### Work instruction
The listing below should be written out again word for word, please.

### Record set
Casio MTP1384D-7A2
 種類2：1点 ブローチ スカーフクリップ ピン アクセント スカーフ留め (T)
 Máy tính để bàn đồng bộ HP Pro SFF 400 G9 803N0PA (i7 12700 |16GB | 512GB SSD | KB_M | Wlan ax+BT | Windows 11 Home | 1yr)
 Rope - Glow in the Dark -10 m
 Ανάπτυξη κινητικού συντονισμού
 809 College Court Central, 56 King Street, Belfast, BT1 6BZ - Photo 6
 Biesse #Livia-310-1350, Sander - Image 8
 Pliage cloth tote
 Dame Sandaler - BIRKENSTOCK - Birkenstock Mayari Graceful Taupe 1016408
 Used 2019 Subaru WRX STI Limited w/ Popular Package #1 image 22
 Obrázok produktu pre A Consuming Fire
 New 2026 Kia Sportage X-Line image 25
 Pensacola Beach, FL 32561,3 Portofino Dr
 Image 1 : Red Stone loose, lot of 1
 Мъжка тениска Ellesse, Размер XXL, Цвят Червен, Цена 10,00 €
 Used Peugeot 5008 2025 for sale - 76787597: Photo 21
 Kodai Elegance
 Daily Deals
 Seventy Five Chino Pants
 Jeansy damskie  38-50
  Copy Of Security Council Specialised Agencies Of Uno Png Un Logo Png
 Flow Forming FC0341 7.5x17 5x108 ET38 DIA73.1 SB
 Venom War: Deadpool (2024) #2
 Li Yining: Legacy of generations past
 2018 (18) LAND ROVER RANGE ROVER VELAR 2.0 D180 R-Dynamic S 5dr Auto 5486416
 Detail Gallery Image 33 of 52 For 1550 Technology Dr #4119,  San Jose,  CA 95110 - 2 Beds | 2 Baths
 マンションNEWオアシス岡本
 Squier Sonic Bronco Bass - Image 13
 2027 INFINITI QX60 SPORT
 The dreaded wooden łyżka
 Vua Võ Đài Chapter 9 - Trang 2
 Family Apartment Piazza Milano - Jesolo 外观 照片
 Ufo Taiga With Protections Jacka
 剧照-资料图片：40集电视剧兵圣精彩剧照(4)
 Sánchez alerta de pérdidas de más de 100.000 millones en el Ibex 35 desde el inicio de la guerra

### Result of the exercise
Casio MTP1384D-7A2
 種類2：1点 ブローチ スカーフクリップ ピン アクセント スカーフ留め (T)
 Máy tính để bàn đồng bộ HP Pro SFF 400 G9 803N0PA (i7 12700 |16GB | 512GB SSD | KB_M | Wlan ax+BT | Windows 11 Home | 1yr)
 Rope - Glow in the Dark -10 m
 Ανάπτυξη κινητικού συντονισμού
 809 College Court Central, 56 King Street, Belfast, BT1 6BZ - Photo 6
 Biesse #Livia-310-1350, Sander - Image 8
 Pliage cloth tote
 Dame Sandaler - BIRKENSTOCK - Birkenstock Mayari Graceful Taupe 1016408
 Used 2019 Subaru WRX STI Limited w/ Popular Package #1 image 22
 Obrázok produktu pre A Consuming Fire
 New 2026 Kia Sportage X-Line image 25
 Pensacola Beach, FL 32561,3 Portofino Dr
 Image 1 : Red Stone loose, lot of 1
 Мъжка тениска Ellesse, Размер XXL, Цвят Червен, Цена 10,00 €
 Used Peugeot 5008 2025 for sale - 76787597: Photo 21
 Kodai Elegance
 Daily Deals
 Seventy Five Chino Pants
 Jeansy damskie  38-50
  Copy Of Security Council Specialised Agencies Of Uno Png Un Logo Png
 Flow Forming FC0341 7.5x17 5x108 ET38 DIA73.1 SB
 Venom War: Deadpool (2024) #2
 Li Yining: Legacy of generations past
 2018 (18) LAND ROVER RANGE ROVER VELAR 2.0 D180 R-Dynamic S 5dr Auto 5486416
 Detail Gallery Image 33 of 52 For 1550 Technology Dr #4119,  San Jose,  CA 95110 - 2 Beds | 2 Baths
 マンションNEWオアシス岡本
 Squier Sonic Bronco Bass - Image 13
 2027 INFINITI QX60 SPORT
 The dreaded wooden łyżka
 Vua Võ Đài Chapter 9 - Trang 2
 Family Apartment Piazza Milano - Jesolo 外观 照片
 Ufo Taiga With Protections Jacka
 剧照-资料图片：40集电视剧兵圣精彩剧照(4)
 Sánchez alerta de pérdidas de más de 100.000 millones en el Ibex 35 desde el inicio de la guerra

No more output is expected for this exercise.